Boston-based investment management company Callodine Group has acquired a majority stake in Thorofare Capital, a transaction that will allow the Los Angeles commercial real estate debt manager to expand its lending and fundraising platforms and ultimately expand into equity investments.
Thorofare Capital, founded by Kevin Miller, has carved out a strong niche in originating loans of $10 million to $100 million on transitional assets on properties in all categories throughout the US. This focus, along with a strong corporate culture and credit discipline, was appealing to Callodine.
James Morrow, founder and chief executive of Callodine, said these attributes were part of the attraction for the yield-focused investment management company.
“When we look at the broader market, there is a lack of yield. A strategy like Thorofare’s and broadening out what they can offer fits squarely in with what we’re trying to achieve, with a yield and income focus. These are factors that will be important for investors,” Morrow told affiliate title Real Estate Capital USA.
Miller and Morrow detailed a broad plan of expansion, discussing the potential for expanding Thorofare’s existing products into new areas of the market that include core-plus subordinate debt, JV equity and preferred equity.
“We will benefit from the capital and expertise of Callodine, but we will also see a significant benefit from their balance sheet,” Miller told Real Estate Capital USA.
“We want to be able to offer the full product set to reach borrowers from acquisition to bridge to special situation. One-stop shopping is something we’d love to provide to our borrower base.”
The partnership also means the expansion of Thorofare’s existing fund management platform and the potential addition of permanent capital vehicles. Permanent capital would give the company the ability to have a longer duration investment horizon, while increasing Thorofare’s access to capital, Miller noted.

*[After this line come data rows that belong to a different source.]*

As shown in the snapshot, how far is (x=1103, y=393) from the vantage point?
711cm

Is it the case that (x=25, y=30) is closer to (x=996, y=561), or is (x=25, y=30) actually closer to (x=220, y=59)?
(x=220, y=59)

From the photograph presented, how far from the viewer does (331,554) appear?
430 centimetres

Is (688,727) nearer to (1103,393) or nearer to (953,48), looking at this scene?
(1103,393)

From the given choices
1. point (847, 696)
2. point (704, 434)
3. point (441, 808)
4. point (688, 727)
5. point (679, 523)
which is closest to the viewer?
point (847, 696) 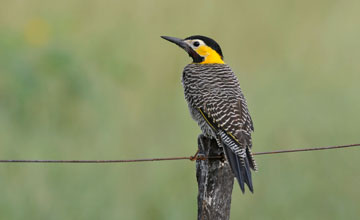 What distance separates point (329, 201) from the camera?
24.2ft

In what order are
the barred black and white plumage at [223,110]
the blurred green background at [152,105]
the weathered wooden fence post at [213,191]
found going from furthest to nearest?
1. the blurred green background at [152,105]
2. the barred black and white plumage at [223,110]
3. the weathered wooden fence post at [213,191]

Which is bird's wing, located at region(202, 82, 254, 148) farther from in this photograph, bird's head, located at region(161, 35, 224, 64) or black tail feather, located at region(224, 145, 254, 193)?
bird's head, located at region(161, 35, 224, 64)

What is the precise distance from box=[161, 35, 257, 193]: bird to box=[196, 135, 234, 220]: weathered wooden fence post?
0.18 meters

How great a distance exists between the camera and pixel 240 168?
5.72 metres

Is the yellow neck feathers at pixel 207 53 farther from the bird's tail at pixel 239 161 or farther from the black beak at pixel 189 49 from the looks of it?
the bird's tail at pixel 239 161

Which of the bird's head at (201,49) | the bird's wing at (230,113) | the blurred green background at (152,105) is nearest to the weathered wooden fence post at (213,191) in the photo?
the bird's wing at (230,113)

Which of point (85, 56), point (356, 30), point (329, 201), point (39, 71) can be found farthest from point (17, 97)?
point (356, 30)

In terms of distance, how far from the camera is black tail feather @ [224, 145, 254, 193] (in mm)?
5598

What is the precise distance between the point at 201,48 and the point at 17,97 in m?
1.73

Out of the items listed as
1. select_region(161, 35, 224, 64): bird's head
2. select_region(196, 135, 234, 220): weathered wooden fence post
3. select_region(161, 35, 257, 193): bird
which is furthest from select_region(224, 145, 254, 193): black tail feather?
select_region(161, 35, 224, 64): bird's head

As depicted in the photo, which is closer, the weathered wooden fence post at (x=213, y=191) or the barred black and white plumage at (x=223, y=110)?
the weathered wooden fence post at (x=213, y=191)

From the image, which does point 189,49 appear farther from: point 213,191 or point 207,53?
point 213,191

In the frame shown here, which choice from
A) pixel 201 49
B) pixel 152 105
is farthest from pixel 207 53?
pixel 152 105

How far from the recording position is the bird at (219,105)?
19.2ft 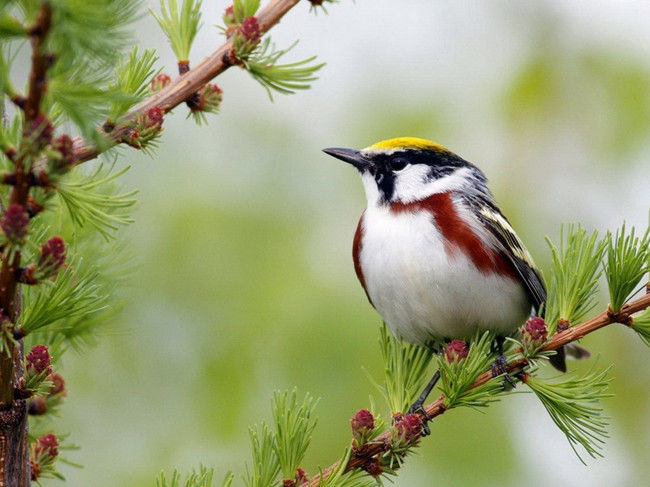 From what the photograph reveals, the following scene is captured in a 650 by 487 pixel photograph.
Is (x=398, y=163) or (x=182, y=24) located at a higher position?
(x=182, y=24)

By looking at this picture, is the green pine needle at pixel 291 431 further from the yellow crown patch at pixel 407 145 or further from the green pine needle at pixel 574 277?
the yellow crown patch at pixel 407 145

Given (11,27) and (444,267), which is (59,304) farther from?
(444,267)

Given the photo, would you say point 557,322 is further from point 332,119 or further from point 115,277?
point 332,119

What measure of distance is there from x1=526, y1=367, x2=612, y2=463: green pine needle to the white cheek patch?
1.27 m

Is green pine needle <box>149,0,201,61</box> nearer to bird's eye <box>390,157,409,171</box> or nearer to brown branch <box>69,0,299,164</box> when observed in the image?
brown branch <box>69,0,299,164</box>

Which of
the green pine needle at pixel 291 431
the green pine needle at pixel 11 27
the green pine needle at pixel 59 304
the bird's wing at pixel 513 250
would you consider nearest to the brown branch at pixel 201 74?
the green pine needle at pixel 59 304

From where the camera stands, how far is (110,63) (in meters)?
1.41

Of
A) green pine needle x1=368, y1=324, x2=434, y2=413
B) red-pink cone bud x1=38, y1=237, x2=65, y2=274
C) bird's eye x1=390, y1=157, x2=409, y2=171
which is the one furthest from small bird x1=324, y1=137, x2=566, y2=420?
red-pink cone bud x1=38, y1=237, x2=65, y2=274

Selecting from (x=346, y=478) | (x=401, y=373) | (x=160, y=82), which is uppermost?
(x=160, y=82)

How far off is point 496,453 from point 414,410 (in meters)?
1.59

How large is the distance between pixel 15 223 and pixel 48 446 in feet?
2.46

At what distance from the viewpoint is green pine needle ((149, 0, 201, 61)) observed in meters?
1.94

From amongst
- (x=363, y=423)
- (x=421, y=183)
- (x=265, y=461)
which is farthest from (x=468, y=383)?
(x=421, y=183)

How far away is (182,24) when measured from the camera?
1.95 m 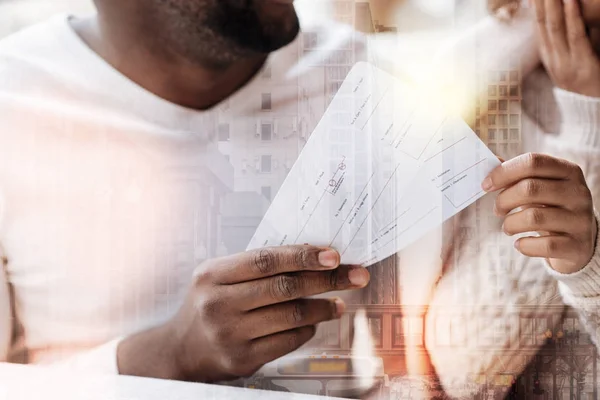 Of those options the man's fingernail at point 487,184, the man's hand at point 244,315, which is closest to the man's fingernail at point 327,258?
the man's hand at point 244,315

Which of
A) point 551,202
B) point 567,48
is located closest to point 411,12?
point 567,48

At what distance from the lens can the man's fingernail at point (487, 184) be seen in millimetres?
801

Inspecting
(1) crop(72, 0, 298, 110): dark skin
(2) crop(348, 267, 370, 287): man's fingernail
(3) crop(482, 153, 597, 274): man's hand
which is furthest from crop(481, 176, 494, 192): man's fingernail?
(1) crop(72, 0, 298, 110): dark skin

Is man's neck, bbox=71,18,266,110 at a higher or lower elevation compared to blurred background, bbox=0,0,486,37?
lower

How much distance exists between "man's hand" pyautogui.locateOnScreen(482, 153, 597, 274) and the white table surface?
39cm

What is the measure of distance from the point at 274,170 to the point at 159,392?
1.20 ft

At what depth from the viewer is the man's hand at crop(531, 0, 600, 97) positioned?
2.63 ft

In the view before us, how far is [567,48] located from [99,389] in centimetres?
84

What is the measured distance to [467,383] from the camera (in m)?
0.85

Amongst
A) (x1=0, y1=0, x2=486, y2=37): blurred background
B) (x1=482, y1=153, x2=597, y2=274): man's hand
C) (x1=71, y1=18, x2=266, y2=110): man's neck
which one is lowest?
(x1=482, y1=153, x2=597, y2=274): man's hand

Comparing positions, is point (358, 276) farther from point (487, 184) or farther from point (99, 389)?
point (99, 389)

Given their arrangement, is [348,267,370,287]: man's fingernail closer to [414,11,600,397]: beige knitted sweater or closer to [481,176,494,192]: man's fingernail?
[414,11,600,397]: beige knitted sweater

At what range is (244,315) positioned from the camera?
2.71 ft

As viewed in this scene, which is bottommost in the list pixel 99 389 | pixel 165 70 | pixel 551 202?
pixel 99 389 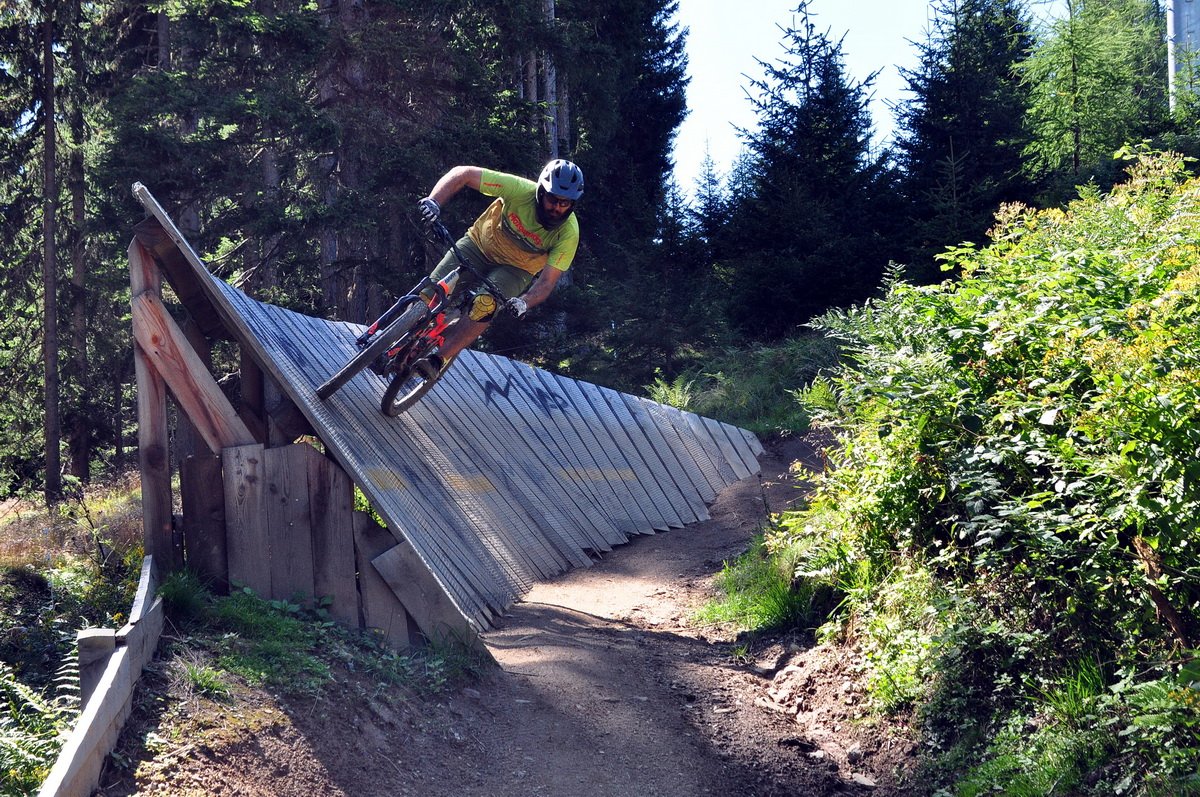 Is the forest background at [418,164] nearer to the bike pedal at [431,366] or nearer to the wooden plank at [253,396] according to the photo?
the bike pedal at [431,366]

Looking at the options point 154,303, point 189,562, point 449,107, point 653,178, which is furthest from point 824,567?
point 653,178

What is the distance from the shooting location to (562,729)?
204 inches

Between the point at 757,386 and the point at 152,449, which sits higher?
the point at 757,386

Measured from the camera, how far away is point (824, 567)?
21.9 ft

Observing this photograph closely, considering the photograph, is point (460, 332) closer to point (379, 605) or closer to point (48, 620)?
point (379, 605)

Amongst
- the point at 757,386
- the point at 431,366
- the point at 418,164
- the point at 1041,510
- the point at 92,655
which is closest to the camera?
the point at 92,655

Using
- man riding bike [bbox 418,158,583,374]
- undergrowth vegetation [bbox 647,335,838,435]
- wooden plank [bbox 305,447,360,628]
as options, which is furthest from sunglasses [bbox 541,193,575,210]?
undergrowth vegetation [bbox 647,335,838,435]

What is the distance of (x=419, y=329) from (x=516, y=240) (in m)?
1.06

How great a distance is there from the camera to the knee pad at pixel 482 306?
800cm

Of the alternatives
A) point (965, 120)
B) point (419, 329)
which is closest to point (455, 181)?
point (419, 329)

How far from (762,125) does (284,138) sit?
9.87m

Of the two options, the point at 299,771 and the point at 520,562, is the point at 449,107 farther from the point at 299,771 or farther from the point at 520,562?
the point at 299,771

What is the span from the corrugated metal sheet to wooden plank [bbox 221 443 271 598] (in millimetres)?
475

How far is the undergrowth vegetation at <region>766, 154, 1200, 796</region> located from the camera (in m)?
3.88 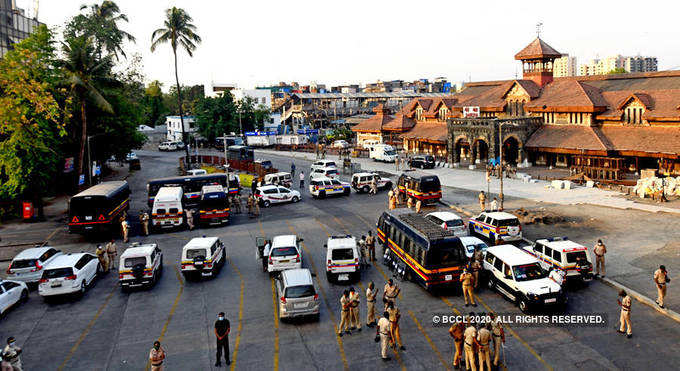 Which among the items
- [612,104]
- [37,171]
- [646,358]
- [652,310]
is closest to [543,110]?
[612,104]

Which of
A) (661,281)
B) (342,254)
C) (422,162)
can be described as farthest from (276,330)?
(422,162)

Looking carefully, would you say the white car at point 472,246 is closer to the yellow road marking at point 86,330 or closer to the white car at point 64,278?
the yellow road marking at point 86,330

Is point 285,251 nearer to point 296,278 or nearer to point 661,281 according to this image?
point 296,278

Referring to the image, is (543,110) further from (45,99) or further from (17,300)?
(17,300)

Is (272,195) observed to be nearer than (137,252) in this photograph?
No

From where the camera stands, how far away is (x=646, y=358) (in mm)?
15039

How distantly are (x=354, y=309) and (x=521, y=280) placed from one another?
655 centimetres

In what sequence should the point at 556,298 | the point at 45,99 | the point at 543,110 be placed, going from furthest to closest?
the point at 543,110 < the point at 45,99 < the point at 556,298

Thorofare has originated more than $3 billion of loans since inception and has about $1.15 billion in AUM. Miller and Morrow declined to comment on potential growth, noting that the partners are looking at the business from a long-term perspective.
Callodine and Thorofare were introduced via Berkshire, an adviser to the latter. However, Morrow stated that Callodine had long been aware of Thorofare and wanted to get to know the business better. “We had a lot of mutual friends and connectivity that was very helpful in finding out more background and if we would be a cultural fit,” Morrow added.
On a property level, Miller noted the firm will continue to look across sectors. “We are very excited about particular asset classes: namely industrial, distribution, logistics and warehouse, cold storage and data centers,” he said. “Multifamily will also continue to be in vogue.”
Berkshire Global Advisors served as exclusive financial adviser and Kirkland & Ellis served as legal counsel to Thorofare. Meanwhile, Aviditi Advisors served as strategic advisor and Skadden, Arps, Slate, Meagher & Flom served as legal counsel to Callodine.